In fact, I hold metaphysically freewill is impossible because there is no third choice; it’s either the outcome of rules (determined) or chance (probability). Even if we granted a ‘soul’ of some form, your ‘soul-self’ would have to make a choice…how do we make a choice? First we assess the current conditions, then we apply a set of rules and then we make a choice. But what is that choice? It’s either determined by our set of rules or it random…there is no third option. The idea of freewill, is to me, metaphysically incoherent. I could rant on this for pages, but hopefully you get the idea.
Now, it was mentioned that Ethan used a “meteor” hit as a way of explain why even if I choose to get candy I cannot. To be generous to Ethan, I think language fails here again. I think we are all on side with Harris, in that even if one accepted ‘freewill’ in some form, the constraints of the universe greatly restricts how it can be exercised.
So, although extreme, the point I think, is that much of what we perceive of our freedom really is quite constrained…I think to the point of not providing any space for freewill; I am less sure Ethan would agree there is NO room for freewill.
And this leads to a justifiable comment that although we may not have a complete understanding of how the brain works, we cannot rule out freewill. That said, all the evidence so far has not turned up even a mechanism for freewill…to me, freewill has even less possibility than psychic abilities like pre-cognition.
This argument about neuroscience does point out to a degree of what I would call ‘brain fetishism’; that freewill as we use it is exclusively the purview of the human mind…why? Largely it is a hangover of our religious background that postulated the immaterial ‘soul’ as the source of freewill and that souls were exclusively for humans (although some argue/hope their pets may have souls as well and animist give souls to everything).
If we accept that the immaterial cannot, by definition, interact with the material world; then why do we assume freewill exists only in the brain? Maybe the animists have it right, if I can have freewill, why not a cat, a tree or even a rock?
Now, we end on the great quandary of humanity experience; we may know we have no freewill but we have no choice but to act as though we do. One listener mentions that we can ‘affect’ determinism through education and advertising…that “if we see someone going down the path towards crime we should be compassionate and help them”. As already discussed, no, you can’t.

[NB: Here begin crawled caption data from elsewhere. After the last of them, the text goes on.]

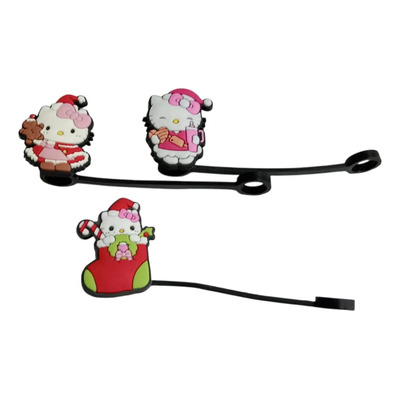 Set 3 Pz Tapón Funda Cubre Popote Silicona Kitty Sanrio Kitty Moño Rosa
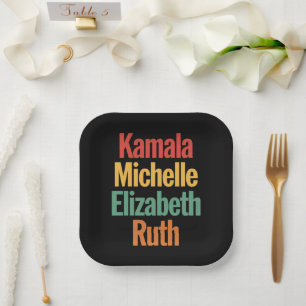 Kamala Michelle Elizabeth Ruth Feministische Polit Pappteller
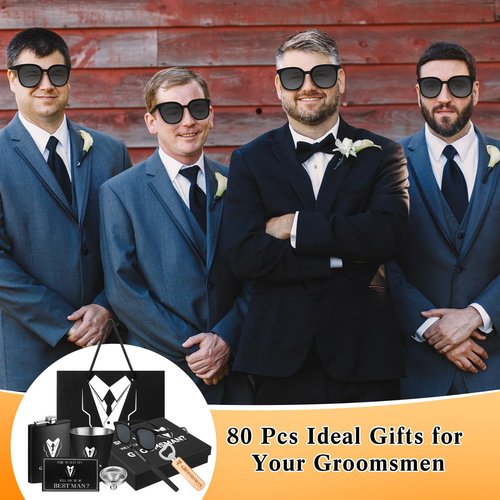 Layhit 80 Pcs Groomsmen Gifts Set of 8, Groomsmen Proposal Gift Set, 8 Flask and 16 Stainless Steel Shot Glass 8 Wood Bottle Opener 8 Pen 8 Sunglasses with 8 Card 8 Box 8 Bag for Wedding Party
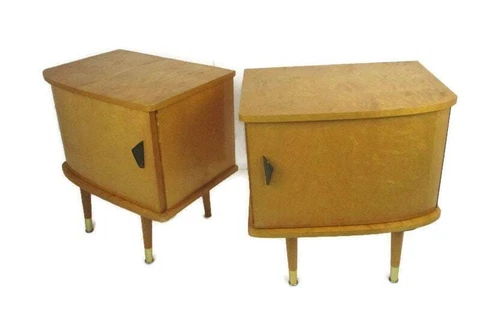 Vintage Nightstands End tables Mid Century Modern Wood Retro WOW Pair Couple Dou Cover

The quandary though is we cannot curl up and be ‘fatalistic’…in the same way we are condemned to experience the world in 3 dimension regardless of the fact(?) there are many more, likewise we must ‘exercise’ our freewill for the betterment of society.
This is why I call for a reform in the moralistic attitude we have to criminal justice. Crimes are committed and society must protect itself from these actions but we do not need to add to this a moral judgment when such a judgment is based on an illusionary foundation. The role of prisons should be a) protect society, b) provide social restitution and c) provide rehabilitation.

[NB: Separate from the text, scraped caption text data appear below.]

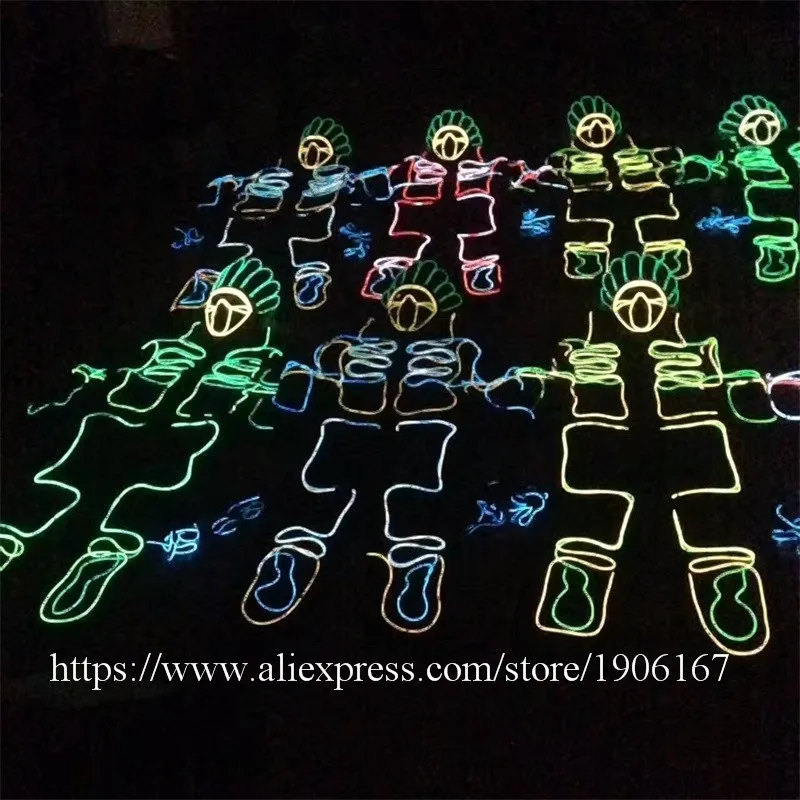 Led Luminous EL Wire Robot Suit Set For DJ DS Illuminated Ballroom Costume Dance Clothing For Stage Nightclub 02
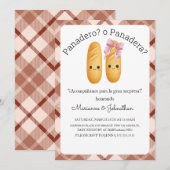 Cute Panadero o Panadera Baby Reveal  招待状 (正面/裏面)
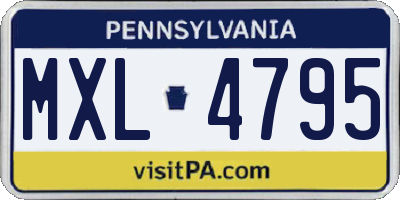 PA license plate MXL4795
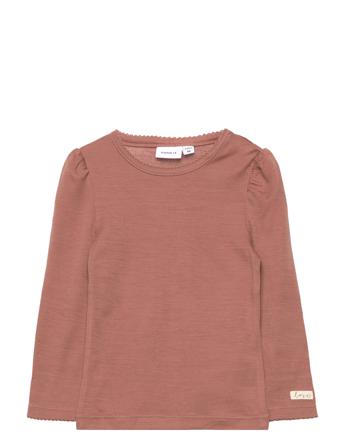 Nmfwyla Wool/Vis Ls Top Xxii Langærmet T-shirt Brun Name It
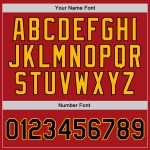 Personalized Red Black-Gold Authentic Throwback Basketball Jersey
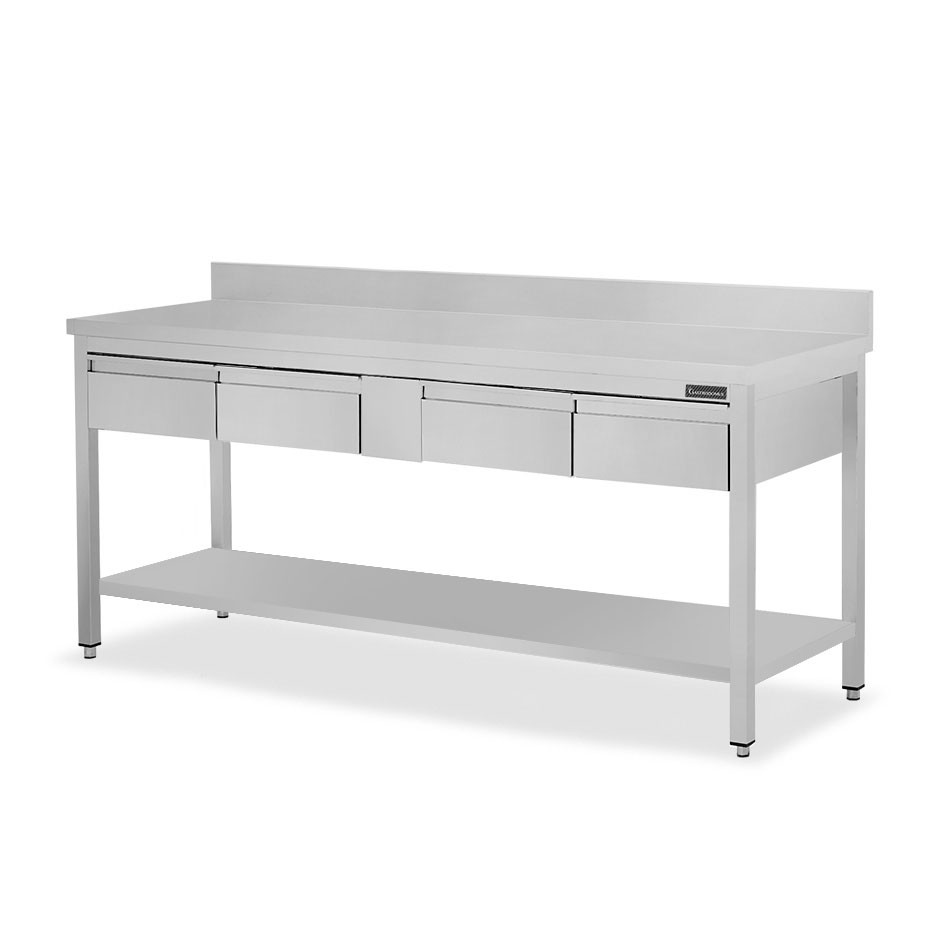 Mesa de acero inoxidable con estante peto 4 cajones L 2000 mm x P 800 mm x A 950 mm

I think, whether I have a choice or not, I will advocate for a better educated, more communal society. One of the gifts of intelligence is to be able to take the raw material of experience and manipulated it so as to have a more accurate and better view of reality.
One must ask, if I could somehow ‘train’ myself NOT to experience the world with ‘free will’ what would that be like? Would it be as alien as being able to see 4 dimensions or a simple looking beyond the ‘apparent’ difference of race or gender and perceiving all as just people?
I hope that clarifies things…not that we have any choice in that <LOL>.